Dès le XXe siècle, grâce à sa position stratégique sur le fleuve Tanjiang, Chikan est devenu un centre commercial florissant. Des bateaux transportant des marchandises et des commerçants partaient et arrivaient à Chikan et faisaient halte dans les ports de Guangzhou, Hongkong et Macao. De ce fait, la ville a accueilli de nombreuses entreprises commerciales, incluant des banques et des bijouteries.
Dans les années 1900, Chikan avait déjà mis en place des facilités commerciales équivalentes à celles des pays occidentaux et s'est ainsi doté de communications postales en 1902, d'électricité en 1923, d'un réseau routier en 1924 et de télécommunications en 1929. Bien que la zone urbaine de Kaiping ait beaucoup changé, Chikan conserve son apparence d'autrefois avec ses ruelles sinueuses, ses bâtiments occidentaux, ses étals de gâteaux aux graines de sésame et ses vieillards assis sur les bancs de pierre, les yeux à demi–clos, assoupis à l'ombre des arbres banian.

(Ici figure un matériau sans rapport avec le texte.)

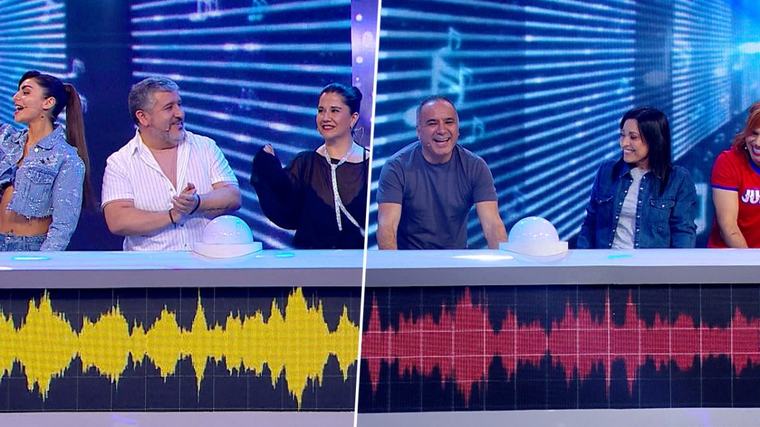 Dale Play - Capítulo 159: ¿Quién se quedará con el dinero?
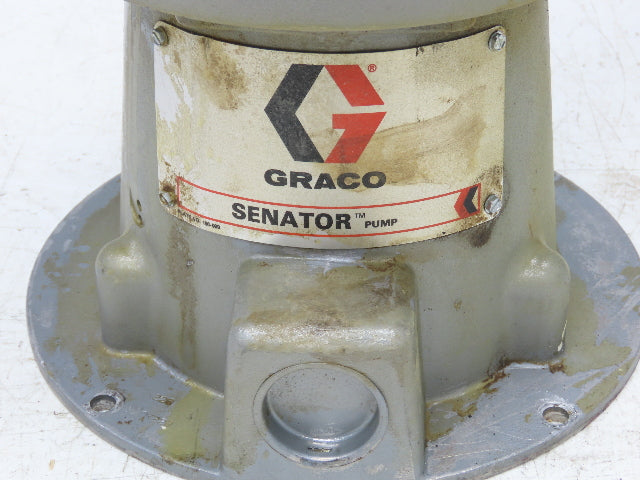 Graco 217-540 Senator Pneumatic Air Motor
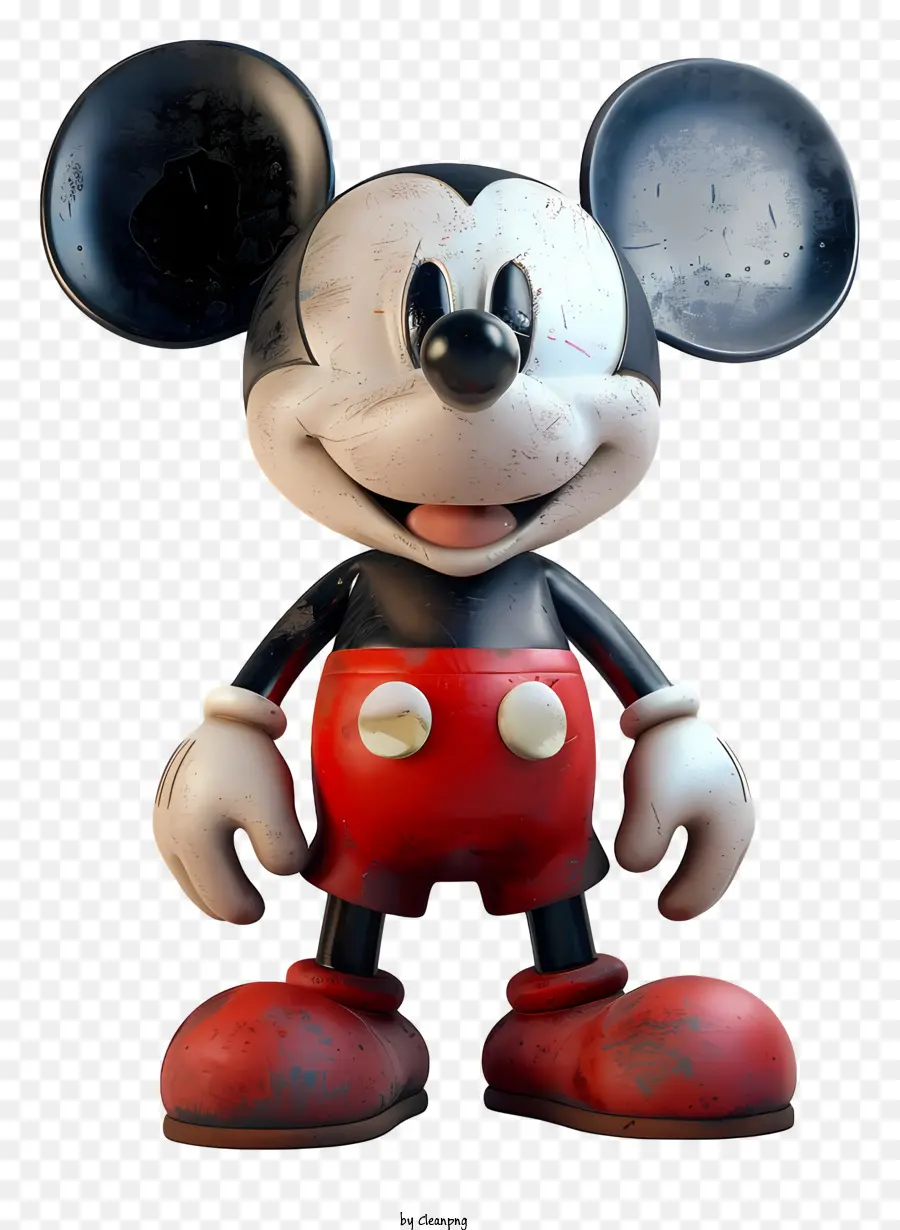 Mickey，Mickey Mouse PNG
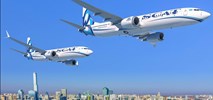 SCAT Airlines zwiększają zamówienie na boeingi B737 MAX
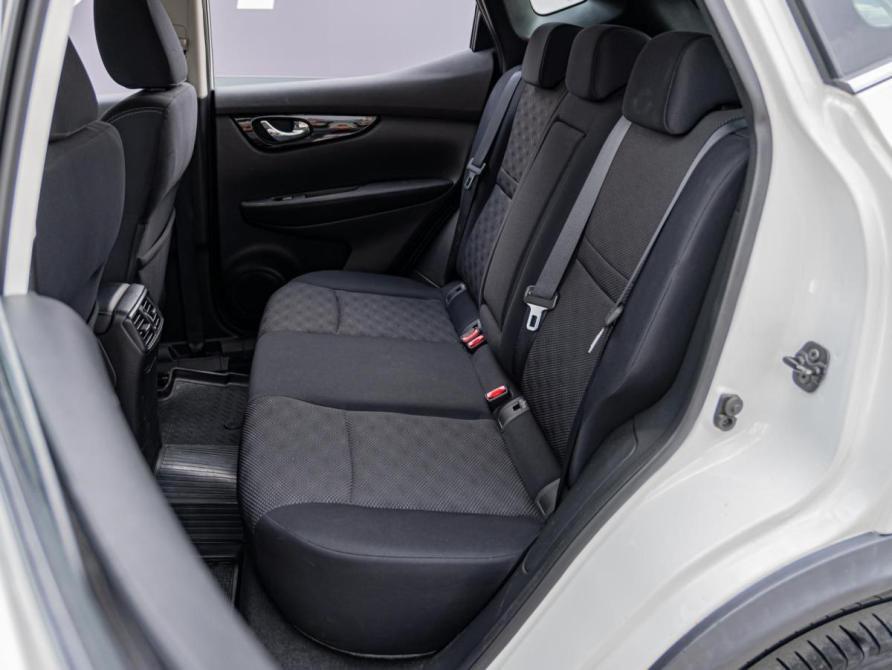 Nissan Qashqai II Краснодар  - изображение 9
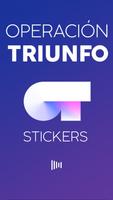 Stickers OT 2020 for WhApp পোস্টার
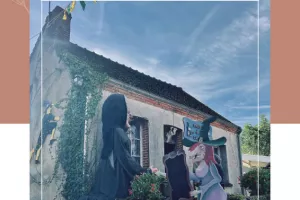 Les secrets de la sorcière de Bonnu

Les tours de garde sont les constructions les plus spectaculaires et les plus fonctionnelles rapportées par les Chinois de Kaiping partis à l'étranger. A l'aube du XXe siècle, nombreux sont les habitants de la ville qui avaient quitté le continent pour aller travailler en Occident et envoyaient de l'argent à leur famille lorsque les économies leur permettait. Les familles restées sur place avaient ainsi pu s'enrichir.

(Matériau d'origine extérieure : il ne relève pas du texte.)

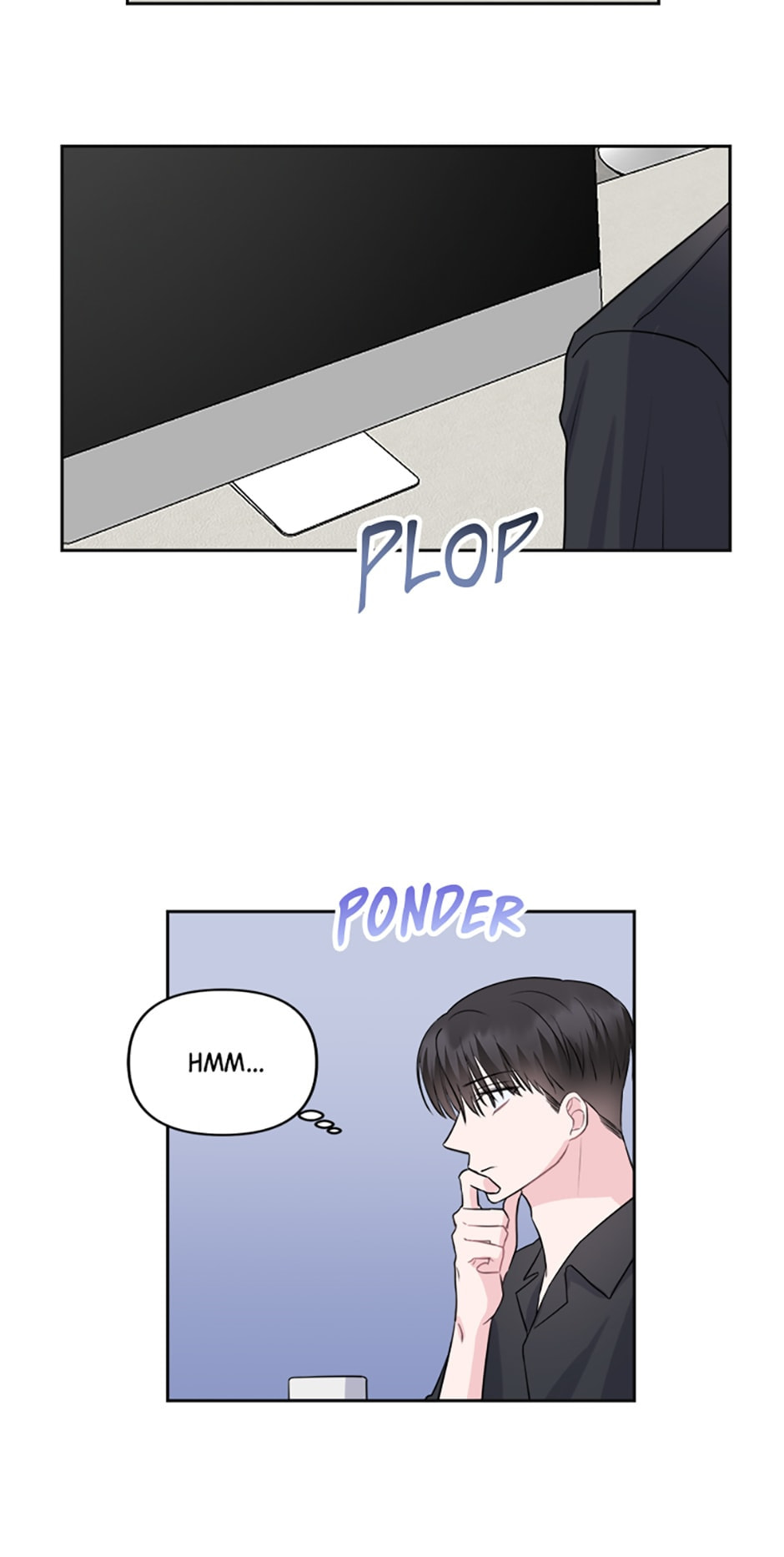 Read The Odd One Next Door chapter 5 image 37 on Lezhin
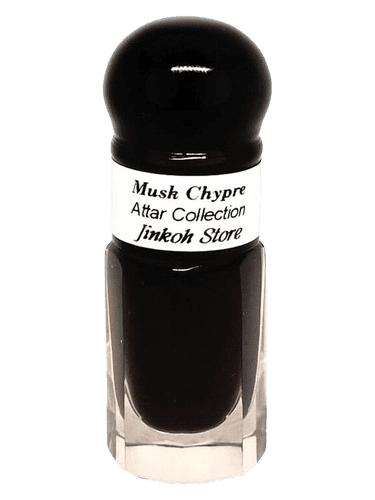 Jinkoh Store Musk Chypre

Ces années furent aussi une période de turbulences et d'instabilité sociale durant laquelle les familles aidées devenaient la cible de bandits parfois même jusqu'à ce qu'elles soient complètement ruinées. Pour protéger leur famille et leurs biens, les expatriés avaient fini par construire des tours de garde en s'inspirant des modèles d'architecture européens.
Ainsi, les tours de Kaiping représentent des styles architecturaux variés, grec, roman, gothique, islamique, baroque ou encore rococo. Cependant, la structure intérieure comprenait autrefois les éléments typiques des maisons du sud des Cinq Monts.

Tours de Rishenglou et Yiyunlou.
Xiangang : la tour de garde Ruishilou.
Colonnes sculptées dans les tours de garde de Tangkou.

Elevées sur cinq à sept étages, chaque tour de garde était construite avec des murs résistants, des portes de fer, de petites fenêtres avec des volets d'acier et des points de défense et d'observation. Avec leur design élégant, les tours étaient malgré tout de formidable structure de défense.
La majorité des propriétaires vivant à l'étranger toute l'année, la plupart de ces édifices sont tombés en désuétude mais leurs vestiges nous rappellent l'histoire du passé.